Nothing but the lines below from the one containing "Caryophyllaceae,Lychnis fulgens Fisch." through the one containing "土のにかぶせたビニールに穴を開けサツマイモの苗を子どもたちが植えている" should appear in the answer, exact and without pictures.
+++ Input data +++
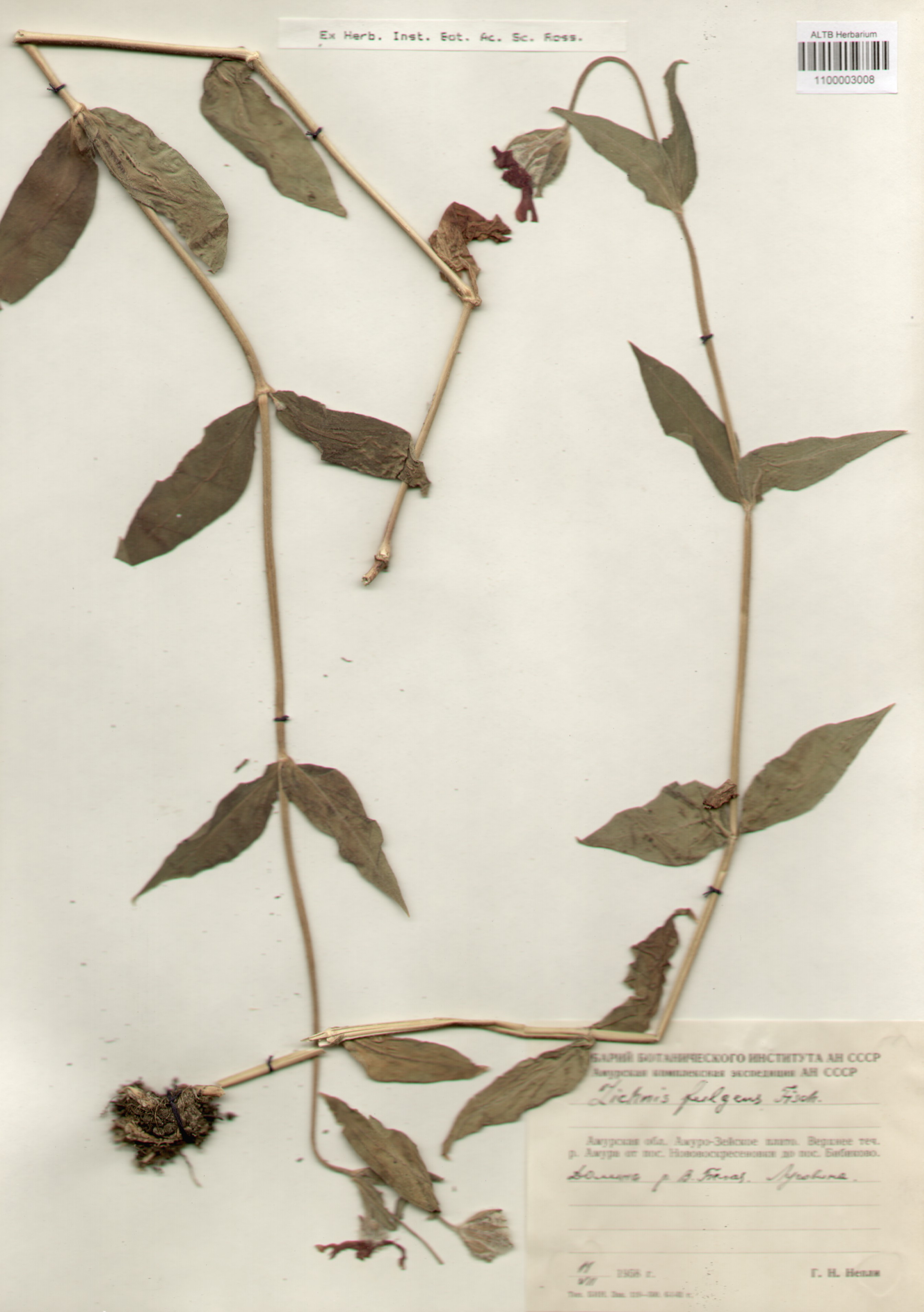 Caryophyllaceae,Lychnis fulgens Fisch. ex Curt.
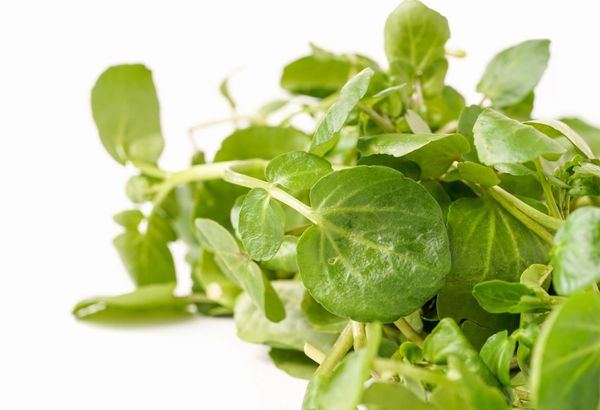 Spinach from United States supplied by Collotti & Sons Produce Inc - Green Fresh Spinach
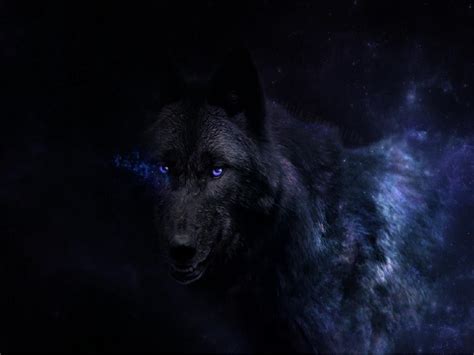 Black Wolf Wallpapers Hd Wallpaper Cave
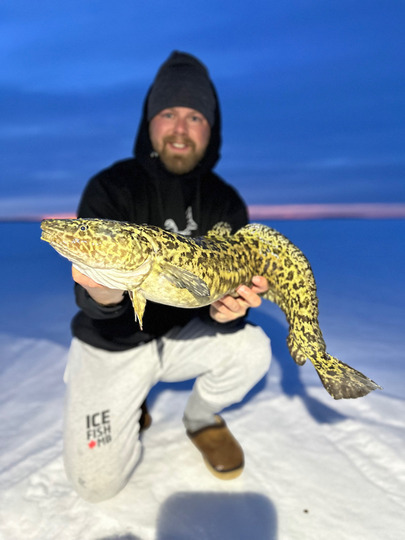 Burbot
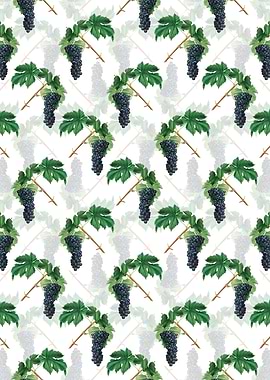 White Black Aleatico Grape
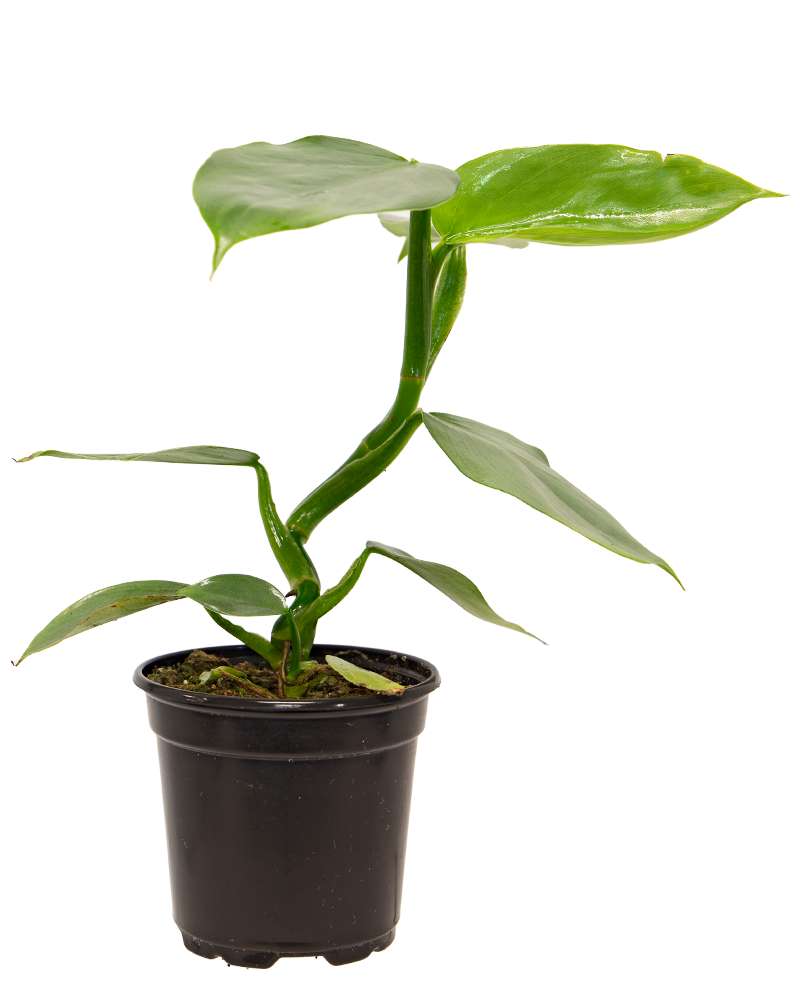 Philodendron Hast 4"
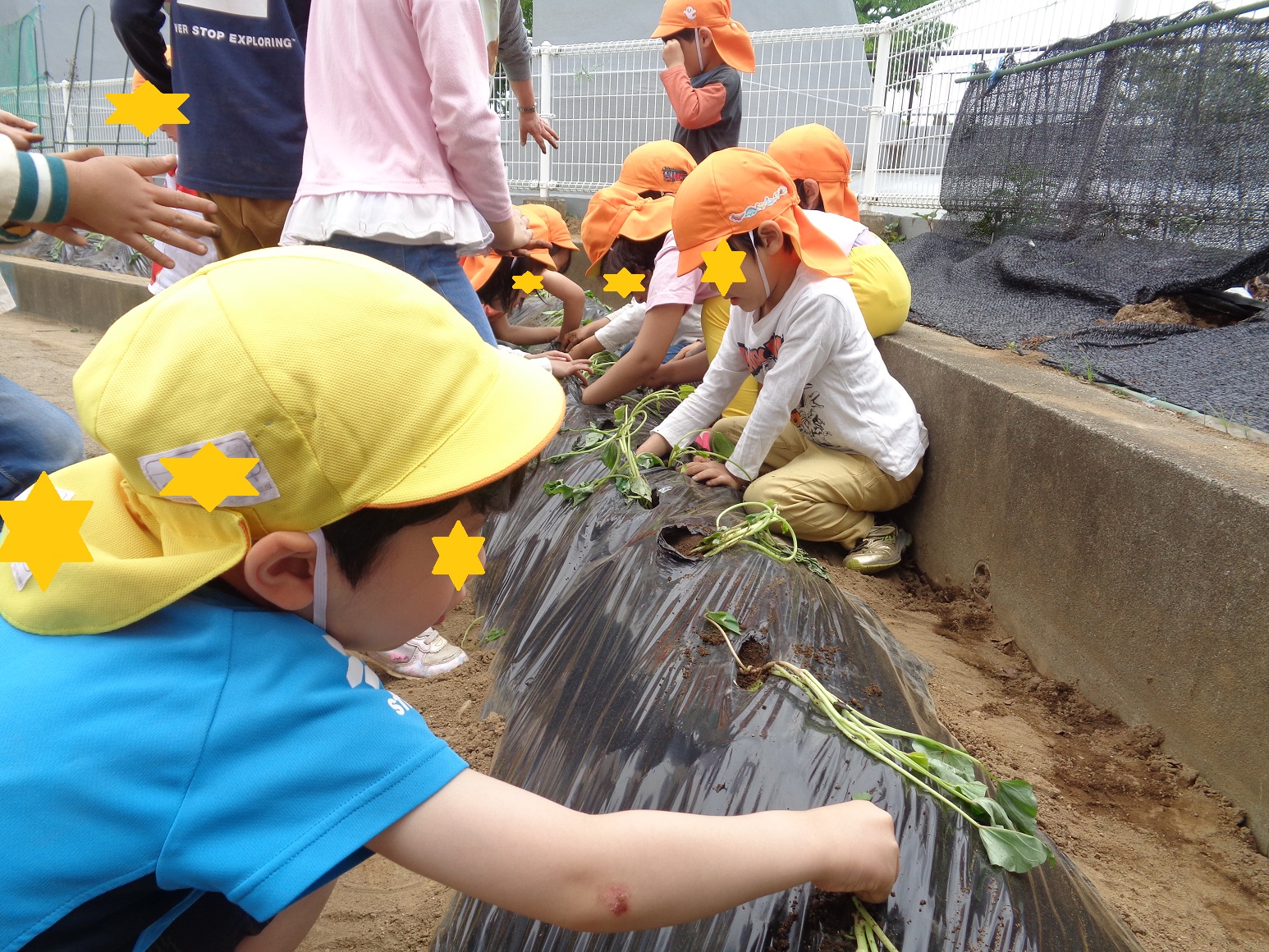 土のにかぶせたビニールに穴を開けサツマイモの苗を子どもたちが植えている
+++
+++ Input data +++
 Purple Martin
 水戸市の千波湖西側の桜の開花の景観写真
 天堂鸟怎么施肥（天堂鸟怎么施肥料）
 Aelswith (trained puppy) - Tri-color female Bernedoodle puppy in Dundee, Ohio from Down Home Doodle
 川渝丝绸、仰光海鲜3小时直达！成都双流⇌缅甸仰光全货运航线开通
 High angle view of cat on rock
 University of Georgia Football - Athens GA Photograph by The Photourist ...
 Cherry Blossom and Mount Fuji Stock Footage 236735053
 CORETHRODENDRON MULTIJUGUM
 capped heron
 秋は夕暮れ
+++
+++ Input data +++
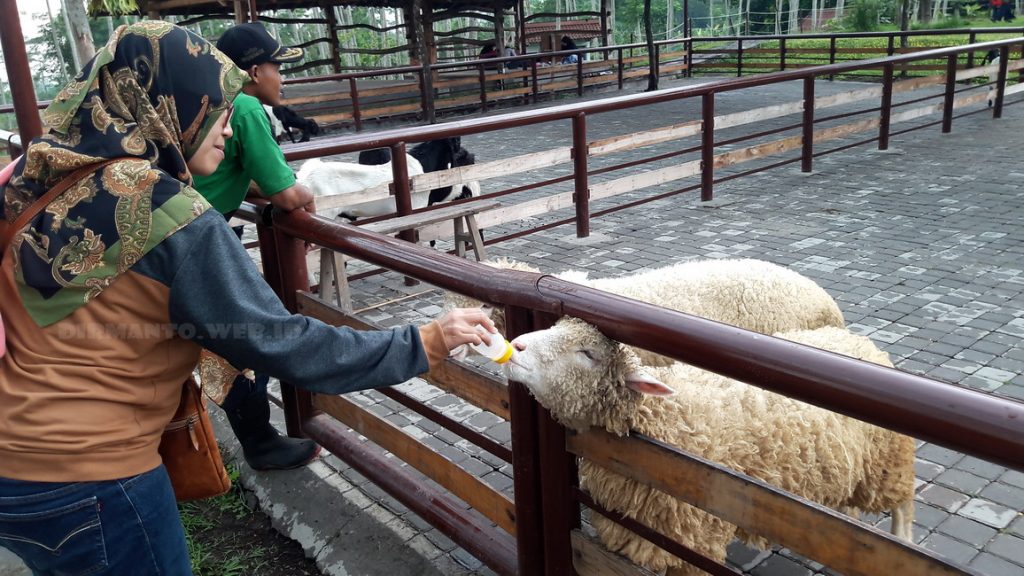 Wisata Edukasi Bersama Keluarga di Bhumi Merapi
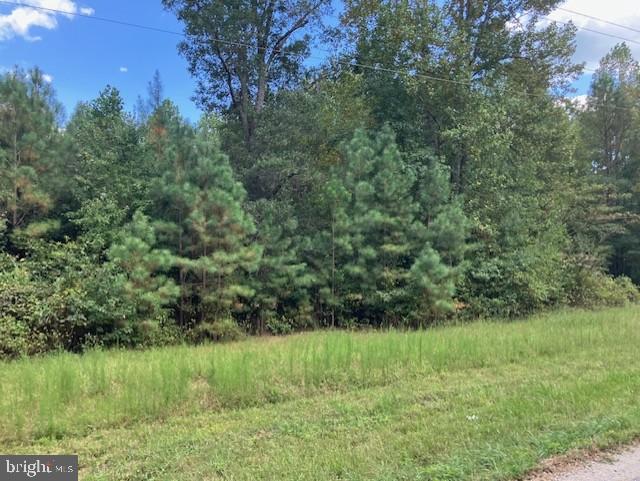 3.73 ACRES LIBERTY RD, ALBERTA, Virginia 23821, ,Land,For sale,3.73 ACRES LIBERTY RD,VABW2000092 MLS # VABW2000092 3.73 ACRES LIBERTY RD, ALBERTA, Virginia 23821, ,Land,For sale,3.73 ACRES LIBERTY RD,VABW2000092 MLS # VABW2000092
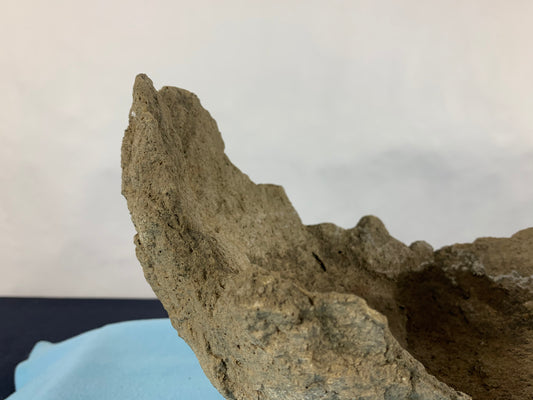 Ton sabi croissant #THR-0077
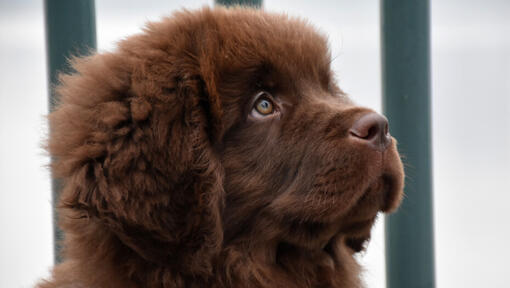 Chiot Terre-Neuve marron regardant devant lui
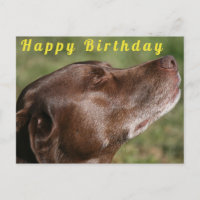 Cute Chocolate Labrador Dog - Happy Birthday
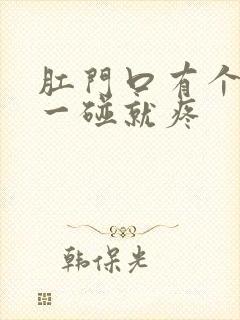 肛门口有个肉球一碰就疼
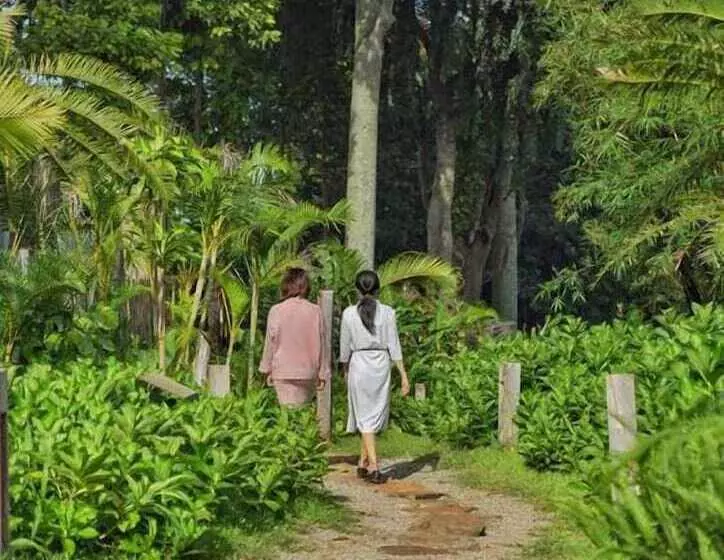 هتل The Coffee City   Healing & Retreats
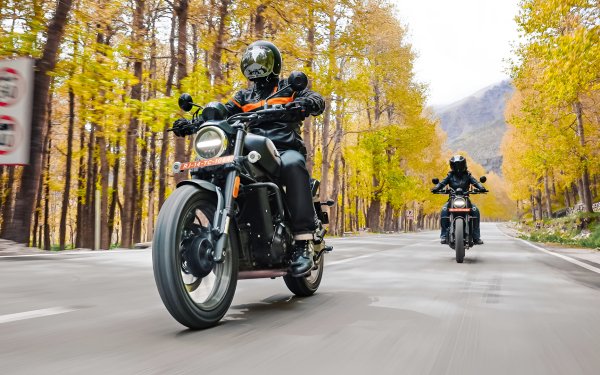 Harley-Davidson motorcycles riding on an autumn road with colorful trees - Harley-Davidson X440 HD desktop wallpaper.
+++
Output for this exercise:
 Caryophyllaceae,Lychnis fulgens Fisch. ex Curt.
 Spinach from United States supplied by Collotti & Sons Produce Inc - Green Fresh Spinach
 Black Wolf Wallpapers Hd Wallpaper Cave
 Burbot
 White Black Aleatico Grape
 Philodendron Hast 4"
 土のにかぶせたビニールに穴を開けサツマイモの苗を子どもたちが植えている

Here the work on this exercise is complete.